Middle of the Night is TV-and-movie-famed Paddy (Marty) Chayefsky's first Broadway play, and Cinemactor Edward G. Robinson's first Broadway appearance since 1930. The result is disappointing.

The fault is not Robinson's. As Jerry Kingsley, a well-to-do. 53-year-old widower who falls in love with a girl of 24 (Gena Rowlands), Robinson is neither cinematic nor Little-Caesarish. He plays with feeling and skill. Age-conscious to begin with, made brutally aware of the perils of marriage as he proceeds, he is ruefully realistic, but always with an ear cocked for romance. The part comes off; the play does not.
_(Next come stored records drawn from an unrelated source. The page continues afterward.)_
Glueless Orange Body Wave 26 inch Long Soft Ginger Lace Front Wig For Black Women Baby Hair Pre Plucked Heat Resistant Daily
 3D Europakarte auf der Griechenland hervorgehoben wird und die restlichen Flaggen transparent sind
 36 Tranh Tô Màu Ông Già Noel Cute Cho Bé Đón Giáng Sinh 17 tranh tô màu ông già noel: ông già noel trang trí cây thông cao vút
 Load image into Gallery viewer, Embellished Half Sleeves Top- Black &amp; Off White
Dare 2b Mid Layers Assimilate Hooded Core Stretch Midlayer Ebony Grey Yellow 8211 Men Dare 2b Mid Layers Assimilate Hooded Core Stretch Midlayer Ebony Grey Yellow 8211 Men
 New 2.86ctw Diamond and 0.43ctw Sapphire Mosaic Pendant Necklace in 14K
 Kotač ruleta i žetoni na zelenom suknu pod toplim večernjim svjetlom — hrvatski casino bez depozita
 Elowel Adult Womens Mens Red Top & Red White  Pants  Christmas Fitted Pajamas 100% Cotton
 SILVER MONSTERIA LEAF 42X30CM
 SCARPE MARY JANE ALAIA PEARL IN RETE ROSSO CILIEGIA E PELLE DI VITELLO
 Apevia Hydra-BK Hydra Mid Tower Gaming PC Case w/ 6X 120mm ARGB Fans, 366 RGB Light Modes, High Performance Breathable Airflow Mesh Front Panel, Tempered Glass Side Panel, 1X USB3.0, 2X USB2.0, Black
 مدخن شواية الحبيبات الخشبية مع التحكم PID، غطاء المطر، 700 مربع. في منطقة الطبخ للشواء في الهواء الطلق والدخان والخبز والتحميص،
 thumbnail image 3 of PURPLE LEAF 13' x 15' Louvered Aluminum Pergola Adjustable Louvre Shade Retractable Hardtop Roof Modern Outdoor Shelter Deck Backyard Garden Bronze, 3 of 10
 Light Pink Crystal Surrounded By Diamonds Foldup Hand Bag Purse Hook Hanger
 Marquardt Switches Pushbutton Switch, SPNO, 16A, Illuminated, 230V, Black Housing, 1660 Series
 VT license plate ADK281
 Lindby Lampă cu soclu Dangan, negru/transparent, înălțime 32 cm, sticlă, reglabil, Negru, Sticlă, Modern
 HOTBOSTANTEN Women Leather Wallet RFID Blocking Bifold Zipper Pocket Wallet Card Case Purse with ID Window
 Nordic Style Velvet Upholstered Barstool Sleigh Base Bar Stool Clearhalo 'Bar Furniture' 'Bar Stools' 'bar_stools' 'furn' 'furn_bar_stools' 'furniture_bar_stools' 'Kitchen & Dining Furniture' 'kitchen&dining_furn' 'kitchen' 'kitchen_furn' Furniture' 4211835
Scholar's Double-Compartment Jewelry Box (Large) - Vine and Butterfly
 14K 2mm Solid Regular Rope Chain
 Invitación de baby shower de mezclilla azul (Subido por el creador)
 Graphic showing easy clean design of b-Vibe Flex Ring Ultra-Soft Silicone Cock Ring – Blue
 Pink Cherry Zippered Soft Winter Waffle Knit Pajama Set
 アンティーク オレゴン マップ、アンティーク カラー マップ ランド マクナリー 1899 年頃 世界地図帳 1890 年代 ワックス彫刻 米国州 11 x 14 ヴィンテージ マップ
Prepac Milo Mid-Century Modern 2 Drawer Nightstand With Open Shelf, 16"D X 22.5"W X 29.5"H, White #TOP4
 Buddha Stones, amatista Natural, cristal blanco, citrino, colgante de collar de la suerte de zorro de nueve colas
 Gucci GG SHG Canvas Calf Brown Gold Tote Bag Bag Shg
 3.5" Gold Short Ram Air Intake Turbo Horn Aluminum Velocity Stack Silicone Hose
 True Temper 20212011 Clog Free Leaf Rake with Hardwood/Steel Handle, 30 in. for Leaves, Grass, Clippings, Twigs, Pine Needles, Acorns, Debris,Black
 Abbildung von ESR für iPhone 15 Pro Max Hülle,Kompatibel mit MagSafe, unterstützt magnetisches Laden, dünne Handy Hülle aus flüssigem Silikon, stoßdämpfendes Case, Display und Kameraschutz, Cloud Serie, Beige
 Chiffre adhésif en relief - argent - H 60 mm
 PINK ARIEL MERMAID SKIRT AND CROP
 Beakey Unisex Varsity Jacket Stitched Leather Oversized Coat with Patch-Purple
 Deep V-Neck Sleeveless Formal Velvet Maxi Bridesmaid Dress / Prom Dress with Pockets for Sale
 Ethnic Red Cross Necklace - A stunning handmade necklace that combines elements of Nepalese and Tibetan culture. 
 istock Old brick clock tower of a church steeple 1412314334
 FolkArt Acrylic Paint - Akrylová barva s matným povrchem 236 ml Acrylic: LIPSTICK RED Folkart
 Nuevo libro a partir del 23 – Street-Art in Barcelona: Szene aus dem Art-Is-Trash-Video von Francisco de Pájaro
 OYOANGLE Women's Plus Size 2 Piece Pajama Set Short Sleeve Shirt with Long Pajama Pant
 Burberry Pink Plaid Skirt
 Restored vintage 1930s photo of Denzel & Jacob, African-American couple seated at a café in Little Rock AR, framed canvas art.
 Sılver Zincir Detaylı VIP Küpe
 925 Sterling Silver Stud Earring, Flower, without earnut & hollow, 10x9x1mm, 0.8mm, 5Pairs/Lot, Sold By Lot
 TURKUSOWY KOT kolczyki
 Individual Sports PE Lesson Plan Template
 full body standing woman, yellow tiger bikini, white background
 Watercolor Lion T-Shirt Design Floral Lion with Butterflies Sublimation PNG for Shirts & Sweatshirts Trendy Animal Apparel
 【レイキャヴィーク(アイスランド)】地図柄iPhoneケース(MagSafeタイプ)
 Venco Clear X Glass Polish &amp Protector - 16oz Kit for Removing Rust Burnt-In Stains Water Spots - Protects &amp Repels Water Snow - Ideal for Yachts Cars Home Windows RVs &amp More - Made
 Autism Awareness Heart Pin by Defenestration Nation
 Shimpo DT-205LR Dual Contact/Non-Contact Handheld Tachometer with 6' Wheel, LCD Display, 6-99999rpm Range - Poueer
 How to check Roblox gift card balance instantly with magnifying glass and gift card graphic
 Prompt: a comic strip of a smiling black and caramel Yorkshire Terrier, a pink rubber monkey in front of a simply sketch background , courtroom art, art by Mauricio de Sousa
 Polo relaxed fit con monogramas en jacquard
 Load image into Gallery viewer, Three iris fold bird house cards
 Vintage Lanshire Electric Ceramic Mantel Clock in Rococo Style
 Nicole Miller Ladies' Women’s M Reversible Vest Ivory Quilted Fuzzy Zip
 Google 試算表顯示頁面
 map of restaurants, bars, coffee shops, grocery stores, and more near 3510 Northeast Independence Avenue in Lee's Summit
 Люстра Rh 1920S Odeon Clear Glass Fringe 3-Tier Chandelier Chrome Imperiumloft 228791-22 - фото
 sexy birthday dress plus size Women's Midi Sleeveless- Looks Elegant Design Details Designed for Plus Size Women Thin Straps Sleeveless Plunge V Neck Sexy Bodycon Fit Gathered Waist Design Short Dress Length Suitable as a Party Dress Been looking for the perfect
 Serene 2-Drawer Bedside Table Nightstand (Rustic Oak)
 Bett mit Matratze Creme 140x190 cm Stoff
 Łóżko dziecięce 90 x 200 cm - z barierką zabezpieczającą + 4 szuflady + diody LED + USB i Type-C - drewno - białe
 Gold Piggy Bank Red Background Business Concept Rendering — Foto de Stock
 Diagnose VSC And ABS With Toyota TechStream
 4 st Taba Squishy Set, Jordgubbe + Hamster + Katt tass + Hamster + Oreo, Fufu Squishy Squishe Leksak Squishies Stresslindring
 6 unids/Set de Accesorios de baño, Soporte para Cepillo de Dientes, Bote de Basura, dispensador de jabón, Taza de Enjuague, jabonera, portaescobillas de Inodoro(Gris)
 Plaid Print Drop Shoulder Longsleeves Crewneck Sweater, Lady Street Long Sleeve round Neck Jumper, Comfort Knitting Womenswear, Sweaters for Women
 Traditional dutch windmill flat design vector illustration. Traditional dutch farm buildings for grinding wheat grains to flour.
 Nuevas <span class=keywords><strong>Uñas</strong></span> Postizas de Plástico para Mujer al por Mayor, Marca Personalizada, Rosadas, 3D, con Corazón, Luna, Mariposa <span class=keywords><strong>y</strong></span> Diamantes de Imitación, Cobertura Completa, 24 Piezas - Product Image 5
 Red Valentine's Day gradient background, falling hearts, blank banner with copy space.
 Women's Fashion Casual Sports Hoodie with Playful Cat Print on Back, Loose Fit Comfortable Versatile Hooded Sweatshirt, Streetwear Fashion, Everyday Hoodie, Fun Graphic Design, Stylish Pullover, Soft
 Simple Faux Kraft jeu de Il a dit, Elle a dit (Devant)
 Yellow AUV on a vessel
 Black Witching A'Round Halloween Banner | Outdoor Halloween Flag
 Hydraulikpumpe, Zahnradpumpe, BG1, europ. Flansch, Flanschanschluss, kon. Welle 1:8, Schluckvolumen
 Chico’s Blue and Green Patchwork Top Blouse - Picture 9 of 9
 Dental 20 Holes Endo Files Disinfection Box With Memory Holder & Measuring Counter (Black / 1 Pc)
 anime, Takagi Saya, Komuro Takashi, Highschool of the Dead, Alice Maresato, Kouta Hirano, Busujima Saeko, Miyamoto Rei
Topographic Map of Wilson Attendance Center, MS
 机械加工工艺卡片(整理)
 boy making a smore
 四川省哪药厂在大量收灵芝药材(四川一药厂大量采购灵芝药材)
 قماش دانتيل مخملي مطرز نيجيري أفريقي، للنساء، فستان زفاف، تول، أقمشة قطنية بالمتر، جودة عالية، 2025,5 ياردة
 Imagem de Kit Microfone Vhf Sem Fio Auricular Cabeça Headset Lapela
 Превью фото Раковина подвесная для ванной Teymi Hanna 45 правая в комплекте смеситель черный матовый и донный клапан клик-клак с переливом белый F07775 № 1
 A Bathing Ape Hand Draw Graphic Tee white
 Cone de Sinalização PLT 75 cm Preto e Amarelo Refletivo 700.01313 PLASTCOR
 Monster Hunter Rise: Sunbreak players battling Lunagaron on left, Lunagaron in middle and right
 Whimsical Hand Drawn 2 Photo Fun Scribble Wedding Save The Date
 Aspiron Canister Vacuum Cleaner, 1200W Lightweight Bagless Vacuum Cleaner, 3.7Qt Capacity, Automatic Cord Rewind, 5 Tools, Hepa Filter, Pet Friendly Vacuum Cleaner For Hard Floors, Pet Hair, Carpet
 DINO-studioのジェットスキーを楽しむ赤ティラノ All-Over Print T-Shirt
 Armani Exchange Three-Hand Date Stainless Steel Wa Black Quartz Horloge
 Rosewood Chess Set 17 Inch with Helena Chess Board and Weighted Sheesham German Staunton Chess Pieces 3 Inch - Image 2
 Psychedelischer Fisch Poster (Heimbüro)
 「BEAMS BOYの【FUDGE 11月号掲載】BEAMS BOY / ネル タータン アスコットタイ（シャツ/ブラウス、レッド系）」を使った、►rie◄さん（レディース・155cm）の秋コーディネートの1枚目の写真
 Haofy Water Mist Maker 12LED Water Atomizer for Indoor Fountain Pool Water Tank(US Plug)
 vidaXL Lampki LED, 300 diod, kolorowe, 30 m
To begin with, Playwright Chayefsky's forte is not the idyls of the Kingsleys but the annals of doggedly ordinary folk. Given a handful of lower-middle or too-recently-upper-middle class people, and he will envelop them in a fine steam bath of banalities, in strong but clotted family feelings. Given a really sharp situation, such as Jerry's family met in a conclave over his possible marriage, and Chayefsky can orchestrate it--and Joshua Logan conduct it--with precise, phonographic humor. But the strong point of the playwright becomes the weak point of the play: the small talk and small talkers seem mere padding that not so much interrupts a vibrant story as substitutes for one.

And a vibrant story is called for, since Middle of the Night is less a tale of December and May than of December and March. The stormy, immature, unhappily married heroine is a full-fledged neurotic, so that Middle of the Night concerns a problem personality as well as a problem marriage. And for something so complex, Playwright Chayefsky lacks both the capacity and the concentration; his play trades in banalities more pretentious than any it chronicles. It lists characters in the program as The Girl, The Kid Sister, The Manufacturer; it does not list scene changes but flashes them on a movie screen; it inserts needless incidental music. And there is the sudden happy ending--ascribable, perhaps, to reckless optimism on the lovers' part, but more easily to commercial pessimism on the author's about harsher endings.